— Task brief —
Please repeat exactly the lines from the one containing "Rab Aeon 20L" through the last line of the records below, both included, and leave out any pictures.

— Records shown —
******************************

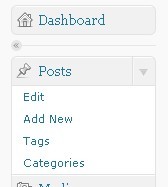categories1 categories 1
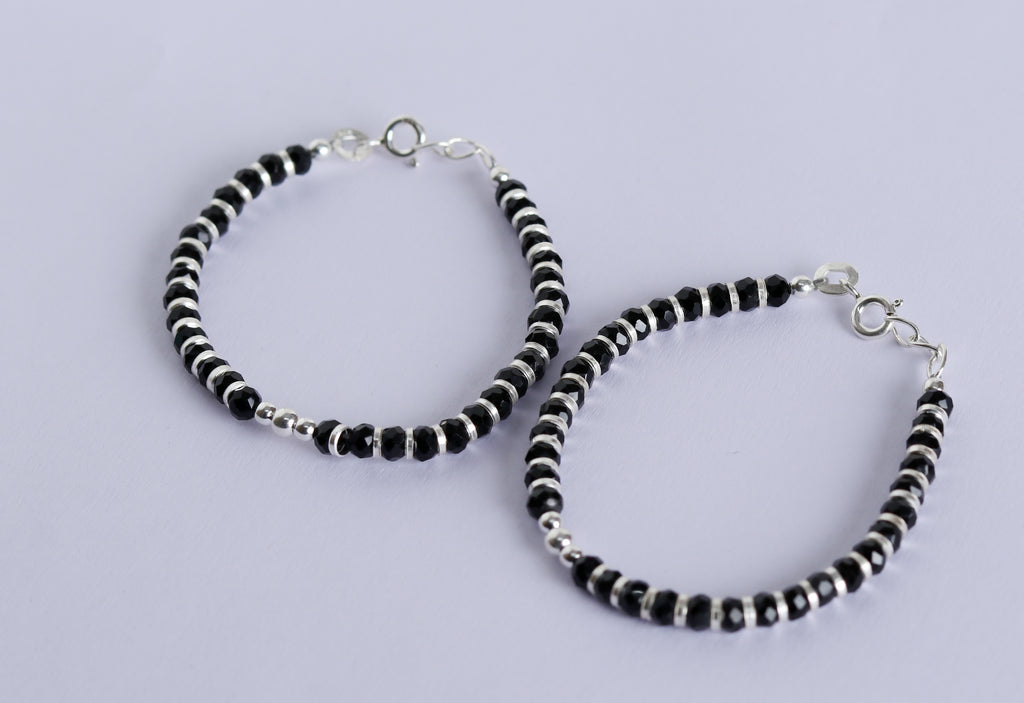 Children Nazaria Bracelet – view 2 of 7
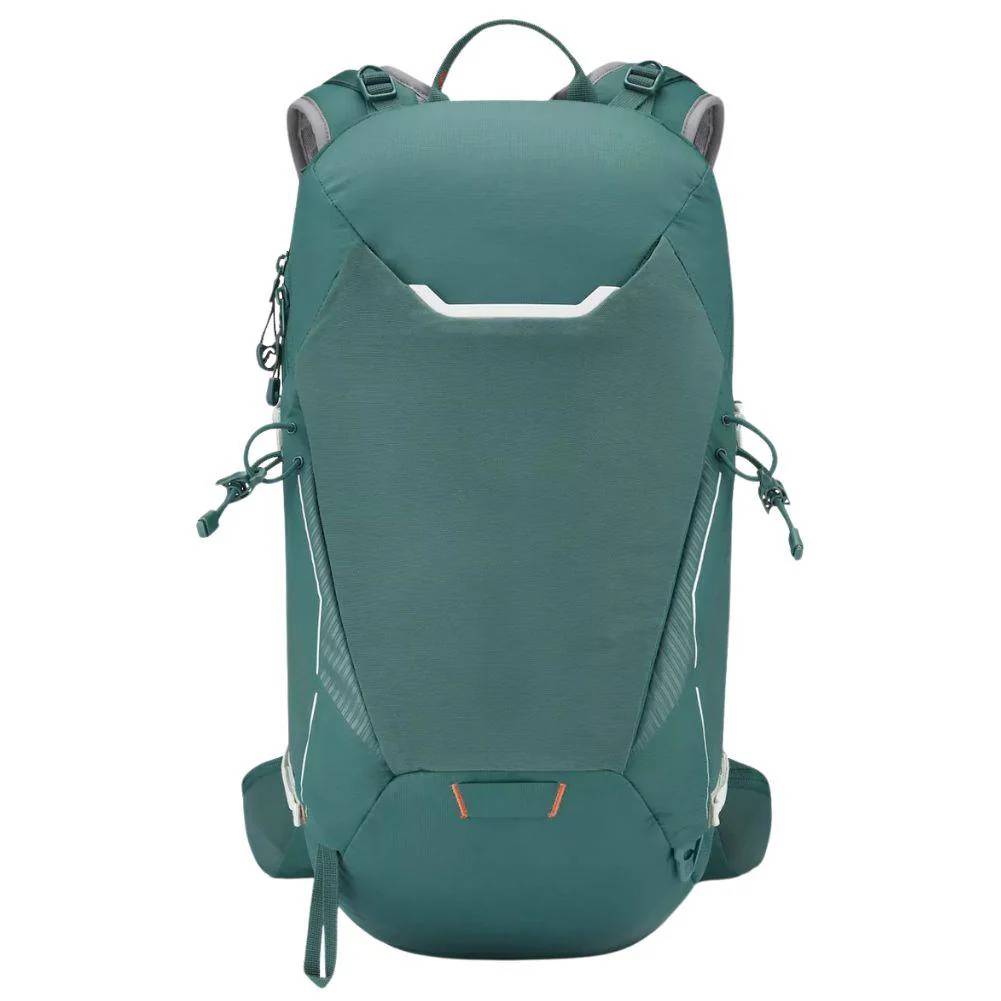 Rab Aeon 20L Day Pack (Sagano Green) - Image 2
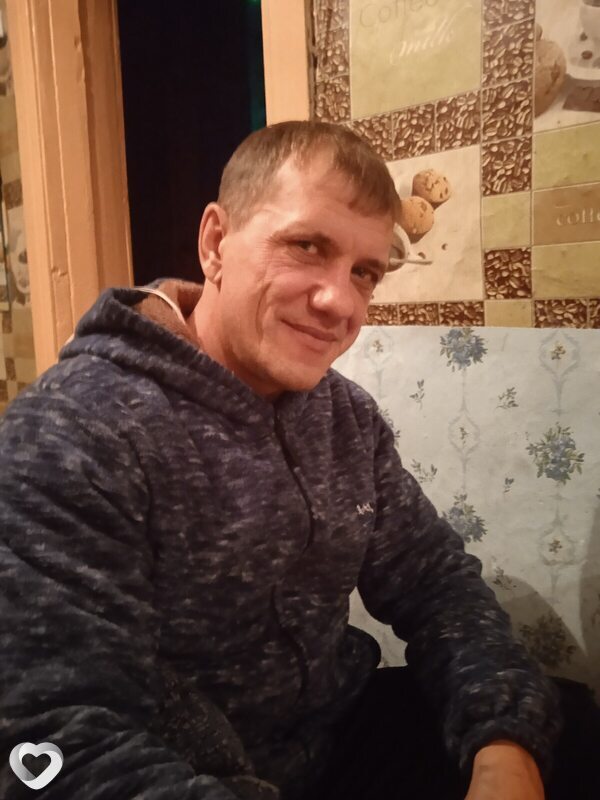 Георгий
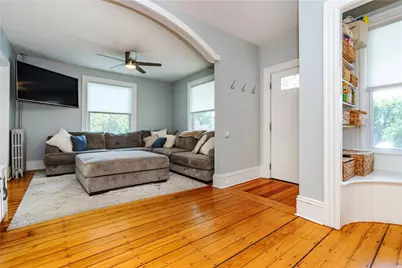 15 Pearl Avenue, East Providence, RI 02916 - Photo 10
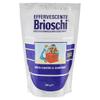 Brioschi Effervescent Digestive Lemon Flavour, 100g view 3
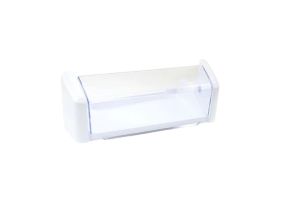 Samsung DA97-17638A Refrigerator Guard Dairy Assembly 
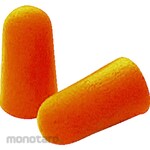 3M Earplugs(Foam type)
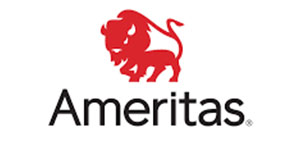 Ameritas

******************************

— Solution to this task —
 Rab Aeon 20L Day Pack (Sagano Green) - Image 2
 Георгий
 15 Pearl Avenue, East Providence, RI 02916 - Photo 10
 Brioschi Effervescent Digestive Lemon Flavour, 100g view 3
 Samsung DA97-17638A Refrigerator Guard Dairy Assembly 
 3M Earplugs(Foam type)
 Ameritas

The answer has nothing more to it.